After much hiatus-ing along the way, I’ve finally seen the entirety of Avatar: The Last Airbender. (TV series, natch — not the Shyamalan film. Though I laughed and laughed at how the episode “The Ember Island Players” seemed to presage the movie’s awfulness.)
I very much enjoyed the show: the characters, and most especially the world it takes place in, which has all kinds of nifty little details squirreled away in the corners. Apparently Nickelodeon is planning a new twelve-episode series to air next year — set seventy-five years later, focusing on Korra, a Water Tribe girl who’s the new Avatar — and I am very much looking forward to that.
It was interesting, though, watching a show which fundamentally was written for a kid audience. I read a decent amount of YA, but this was aimed at a demographic aged 6-11 (according to Wikipedia), and they play in a whole different ballpark. I could feel the difference: the show still grapped with interesting and sometimes difficult ideas, but the way it did so was . . . simpler.
Which feels like a criticism, maybe even a dismissal, and that’s the part I find interesting. I can’t find any words to describe what I’m thinking of that don’t sound like pejoratives. It’s simpler. The answers come more easily. They aren’t explored in as much depth.
But that isn’t a bad thing. How many adults got hooked on that series? I’m nowhere near the only one. Just because we weren’t the intended audience didn’t mean we couldn’t enjoy it. If it didn’t reach quite the same depths of grief and heights of joy as, say, Dorothy Dunnett, that’s okay; I was shouting at the TV screen anyway, which is a good sign that I cared. The story may have been simpler, but it wasn’t lesser.

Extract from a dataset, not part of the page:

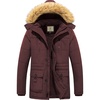 WenVen Men’s Hooded Warm Coat Winter Parka Jacket | Fleece Lined Puffer Outerwear(Red)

So I’m left wondering, what makes that trick happen? What’s the secret technique that makes a nice, simple story for children (Avatar, Harry Potter) into something hordes of adults enjoy? Was it the characterization? Again, that didn’t have the depth I might expect from an adult show — but it was compelling; I giggled and cheered and wailed at the characters not to do the stupid thing I knew they were about to do. Was it the world? Maybe we were all just starving for a full-blown setting that wasn’t the usual familiar medieval Eurofantasy. I’d be curious to hear from people who loved the show: what was it that drew you to it?